Cohen was presented with eight terms of home confinement and grew upset about the media gag conditions, said his former lawyer and adviser Lanny Davis. Davis said Cohen was reluctant to sign because he had already completed his book while in prison.
Cohen and his attorney were in a room discussing the situation for an hour and a half when three federal marshals showed up with shackles, Davis said.

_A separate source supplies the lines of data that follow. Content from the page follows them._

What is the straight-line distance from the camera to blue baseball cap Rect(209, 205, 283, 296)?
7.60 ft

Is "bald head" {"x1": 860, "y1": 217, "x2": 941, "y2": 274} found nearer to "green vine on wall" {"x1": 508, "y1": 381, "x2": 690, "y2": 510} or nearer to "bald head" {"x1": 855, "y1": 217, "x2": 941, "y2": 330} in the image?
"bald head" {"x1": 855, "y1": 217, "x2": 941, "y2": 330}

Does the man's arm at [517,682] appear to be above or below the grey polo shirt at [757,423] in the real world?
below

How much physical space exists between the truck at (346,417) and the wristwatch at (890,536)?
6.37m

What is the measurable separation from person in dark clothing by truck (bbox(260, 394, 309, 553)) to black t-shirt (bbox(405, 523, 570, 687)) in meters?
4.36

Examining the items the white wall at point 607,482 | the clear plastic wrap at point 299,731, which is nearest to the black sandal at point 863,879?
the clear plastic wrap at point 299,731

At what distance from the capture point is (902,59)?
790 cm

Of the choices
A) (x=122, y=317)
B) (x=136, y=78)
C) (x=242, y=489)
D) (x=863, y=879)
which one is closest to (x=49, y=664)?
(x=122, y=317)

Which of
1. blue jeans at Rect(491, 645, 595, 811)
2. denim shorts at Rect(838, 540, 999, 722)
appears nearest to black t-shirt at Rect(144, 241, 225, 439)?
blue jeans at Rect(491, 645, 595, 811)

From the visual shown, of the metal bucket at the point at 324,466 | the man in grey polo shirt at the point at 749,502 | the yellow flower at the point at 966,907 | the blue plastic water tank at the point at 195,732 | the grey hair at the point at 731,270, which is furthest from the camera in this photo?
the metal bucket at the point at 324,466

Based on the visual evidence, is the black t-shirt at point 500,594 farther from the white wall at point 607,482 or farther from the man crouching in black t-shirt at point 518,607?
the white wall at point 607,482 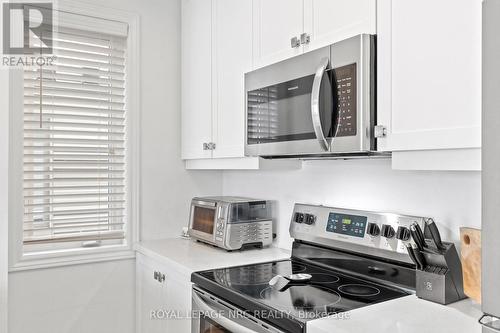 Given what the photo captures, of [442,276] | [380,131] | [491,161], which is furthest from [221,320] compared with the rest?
[491,161]

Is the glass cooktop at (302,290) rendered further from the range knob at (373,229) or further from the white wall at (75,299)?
the white wall at (75,299)

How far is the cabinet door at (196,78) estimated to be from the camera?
2348mm

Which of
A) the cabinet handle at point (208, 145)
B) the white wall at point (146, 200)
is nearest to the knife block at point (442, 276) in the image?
the cabinet handle at point (208, 145)

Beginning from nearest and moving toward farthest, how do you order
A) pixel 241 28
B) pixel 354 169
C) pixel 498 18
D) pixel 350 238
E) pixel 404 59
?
pixel 498 18 → pixel 404 59 → pixel 350 238 → pixel 354 169 → pixel 241 28

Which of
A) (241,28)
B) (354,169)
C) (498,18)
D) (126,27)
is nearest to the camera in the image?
(498,18)

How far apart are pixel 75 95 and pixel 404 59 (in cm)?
182

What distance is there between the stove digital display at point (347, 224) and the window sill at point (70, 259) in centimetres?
127

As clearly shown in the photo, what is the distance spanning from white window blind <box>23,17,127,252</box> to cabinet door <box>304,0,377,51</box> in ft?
4.36

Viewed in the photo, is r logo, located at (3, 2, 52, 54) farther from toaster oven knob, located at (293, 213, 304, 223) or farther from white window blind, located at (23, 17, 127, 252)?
toaster oven knob, located at (293, 213, 304, 223)

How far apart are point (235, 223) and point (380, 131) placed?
103 centimetres

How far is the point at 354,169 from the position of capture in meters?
1.87

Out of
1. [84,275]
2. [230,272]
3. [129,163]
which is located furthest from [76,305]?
[230,272]

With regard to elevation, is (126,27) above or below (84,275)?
above

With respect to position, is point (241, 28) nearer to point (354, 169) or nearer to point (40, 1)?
point (354, 169) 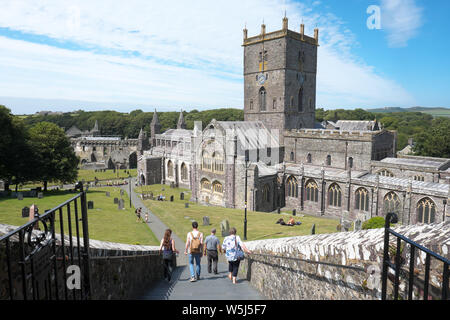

Cohen told them he would sign, Davis said, but one of the marshals said it was out of their hands.
Davis said he suspects “somebody on high is involved here.”
“I don’t know that, but something just seems off to me,” he said in a conference call with reporters.
Cohen was scheduled to be sent to the Metropolitan Detention Center in Brooklyn, Levine said, but he was in custody at the Metropolitan Correctional Center in Manhattan.
“Today, Michael Cohen refused the conditions of his home confinement, and as a result, has been returned to a BOP facility,” a Bureau of Prisons spokesperson said.
Cohen was photographed a few days ago at a restaurant on Manhattan’s Upper East Side. The image was splashed across the cover of the New York Post.
“Michael’s belief is that his going out to dinner a block from his home is not a violation of any of his rules,” Davis said.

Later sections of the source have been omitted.